Literally. Meaningless. The parts of your brain that give meanings to things don't work properly, or at all. That's why, in extreme cases, you never really acquire language. All you have, at best, is a serious of bird calls - noises that conform roughly to words, which you rote-learn to use in specific situations. Calls for food, calls for the toilet, calls for Give-me-that and for Take-this-away. Because nothing in the world makes any sense, you can't spot the obvious patterns. Sunset, bedtime; breakfast, bathtime - to you it's just one damn thing after another. You never know what's going to happen next, and of course it's only a tiny step from that to thinking that the next thing that'll happen could be very bad indeed.

The best you can hope for is a little control. A routine you can rehearse, repeat and comprehend. Lunch at 12.05:00pm and not, under any circumstances, 12.06:35pm, because that opens a window for the chaos to get in. A tea of bread and butter cut always into isosceles triangles of exactly the same size, because a square piece once choked you, and you daren't risk it happening again. And then, just when you think you've got the lid on things - this is where the irony becomes really delicious - there are other people.

We're all born with a message inside our heads: a piece of information so incredible, it has to be coded in our genes - because we'd never work it out on our own. It says to each of us - if you can believe this that there are other people, like us, waiting to make contact. Think about it: other people. It even tells us what they look like.

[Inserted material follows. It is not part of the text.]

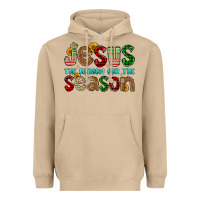 Mushroom jesus the reason for the season Heavyweight Hoodie - FaDigitalArtStudio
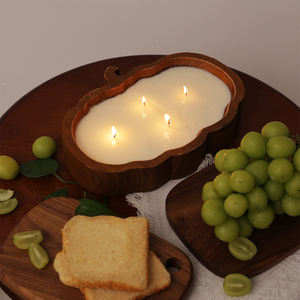 木制面团碗批发手工制作木碗家居装饰木牛面团碗蜡烛 - Product Image 4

If you're autistic, you can't hear the message. Without it, there is only one reasonable conclusion left for you to draw: you are alone. (The animated furniture around you wants you to join in with their unpredictable games - and sometimes you do - but nothing on earth will convince you that that you are one of them.)

It was just before four thirty in the afternoon when three hat-stands entered Justin's room. They stood there a moment, flailing and hooting, and then they started interfering with him. Justin's favourite carer, Francis, came and led us to his room. School was over for the day and the kids here were left to themselves until tea at 5pm. Justin was bouncing up and down on the bed when we came in. He was very beautiful. Eva's breath caught in her throat.

There was his face, of course, but we were used to that. It's that expression of theirs: calm, untouched, transcendent. If you let yourself, you can end up believing it's not a lack of something but - on the contrary - a surfeit, that makes them act the way they do. Popes have canonised such holy fools; there are saints whose lives read like case studies in pervasive developmental disorder. These days, no-one's fooled for long. The real world's the only radio show in town: dare to tune out and you're nowhere but gone.

Francis crossed the room and extended his hand. 'Justin,' he said, easily, 'come over here.'

Justin stopped bouncing. His hair, which had grown almost to his shoulders, descended in a fan around him. He shook his head, clearing it out his eyes.

It was his hair made the difference, I decided. A dark halo for a fallen angel. (Parents are entitled to their metaphors, however trite.)

'Justin?'

He turned and looked at Francis with eerie beneficence.

Francis extended his hand. 'Take my hand.'

Justin gripped his forearm.

Gently, Francis brought the hand into his.

'Remember? It's your birthday. Remember the story? Your birthday.'

He didn't remember a thing, so we sat down and read it all through with him again, only this time with Eva there too.

The front of the scrap-book read 'My Birthday Book'. Inside there was a photographic mock-up of the afternoon as we hoped it would go.

There were Polaroid snaps of the PlayStation game, and its modified handset with outsize buttons. There were pictures of Eva and I; a picture of a birthday cake. Beside each picture there was a sticker with a clock-face printed on it. Francis and I had drawn in the hands ourselves with a gold pen, so Justin could rehearse what was going to happen and when.